Sentiment Analysis¶
Detect positive, negative, and neutral sentiment in Malaysian text - including Manglish, code-switching, and sarcasm.
Why sentiment analysis?¶
Social media monitoring, brand reputation tracking, customer feedback analysis, and public opinion mining for Malaysian businesses and researchers. Standard NLP tools fail on Manglish because they don't understand slang like "gila best", "teruk gila", or sarcastic patterns like "Bagus la tu, tunggu 3 jam".
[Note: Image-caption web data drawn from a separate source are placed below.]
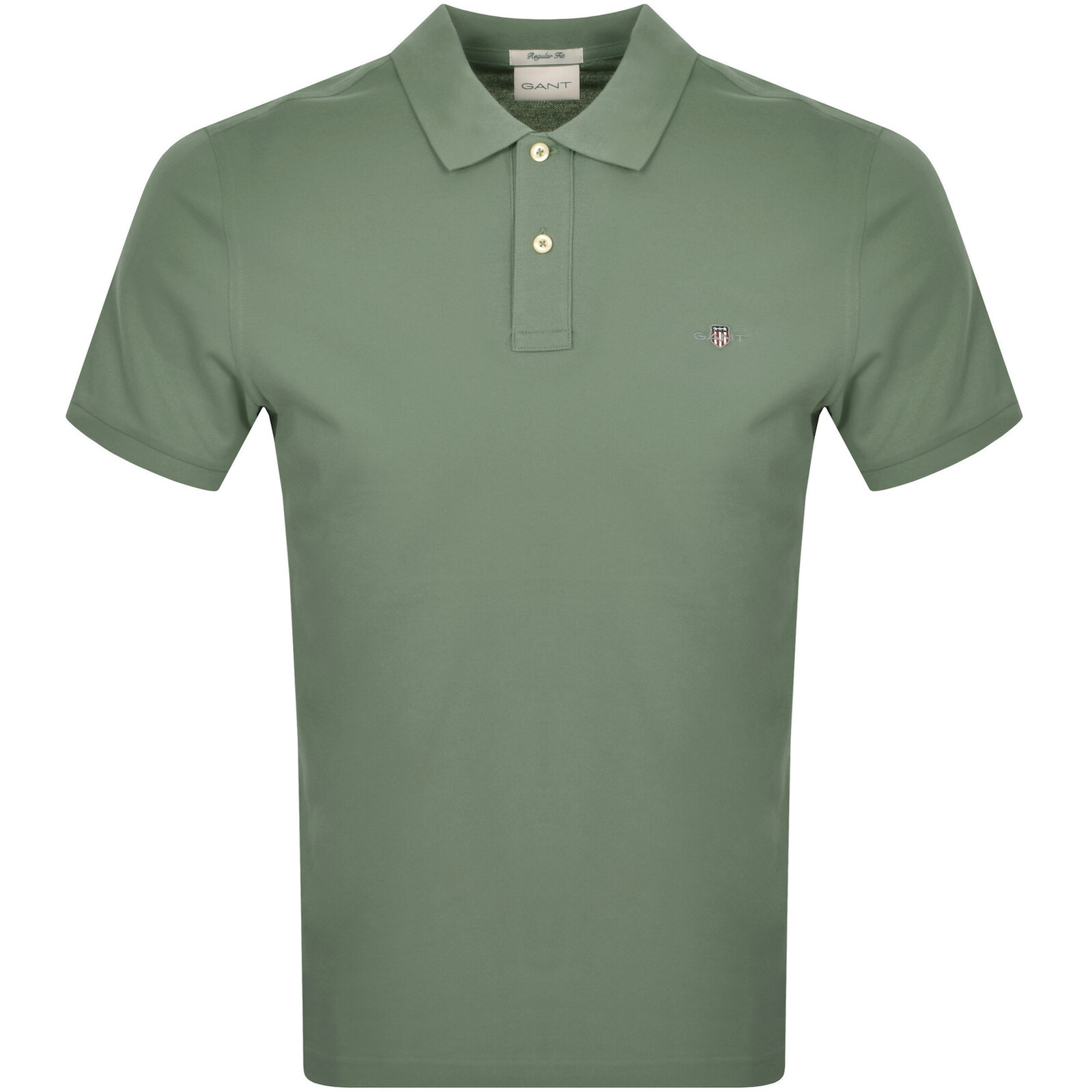 Shop Gant Regular Shield Pique Polo T Shirt Green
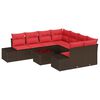 vidaXL Havesofa S&aelig;t med pude 9 pcs Brun polyrattan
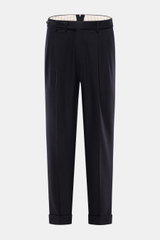Front view of PT Torino Wool trousers 'Carrot Fit' dark navy, elasticated virgin wool, short cut, double pleats, extended buttoned tab, fixed hem turn-up, soft feel.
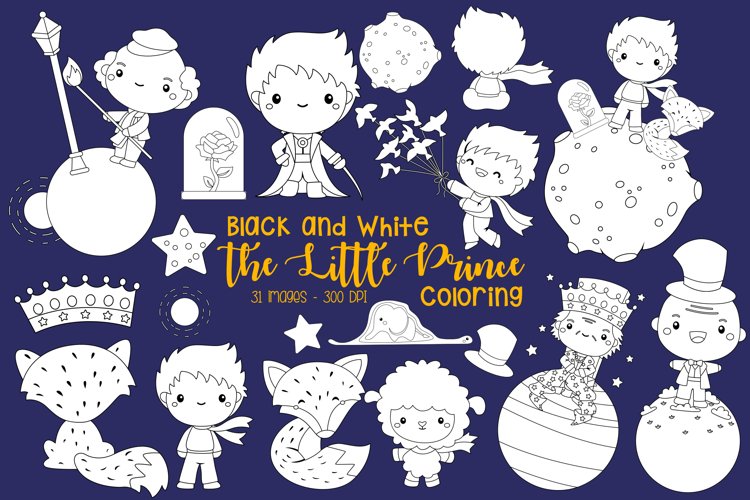 Black and White Coloring The Little Prince Clipart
malaysian-manglish-nlp handles all of this natively - no preprocessing needed.
Load module¶
import malaysian_manglish_nlp as mnlp
# Basic sentiment
result = mnlp.sentiment("Weh best gila makanan kat sini!")
print(result)
# {'label': 'positive', 'score': 0.94}
That's it. One import, one function call.
Basic usage¶
Positive sentiment¶
mnlp.sentiment("Sedap gila nasi lemak kat kedai tu!")
# {'label': 'positive', 'score': 0.96}
mnlp.sentiment("Best movie tu, memang worth it la")
# {'label': 'positive', 'score': 0.91}
mnlp.sentiment("Alhamdulillah finally dapat kerja baru")
# {'label': 'positive', 'score': 0.89}
Negative sentiment¶
mnlp.sentiment("Teruk la service dia, tunggu 1 jam")
# {'label': 'negative', 'score': 0.89}
mnlp.sentiment("Mahal gila, tak berbaloi langsung")
# {'label': 'negative', 'score': 0.93}
mnlp.sentiment("Kecewa betul, order wrong again")
# {'label': 'negative', 'score': 0.87}
Neutral sentiment¶
mnlp.sentiment("Aku nak pergi kedai jap")
# {'label': 'neutral', 'score': 0.72}
mnlp.sentiment("Meeting pukul 3 petang ni")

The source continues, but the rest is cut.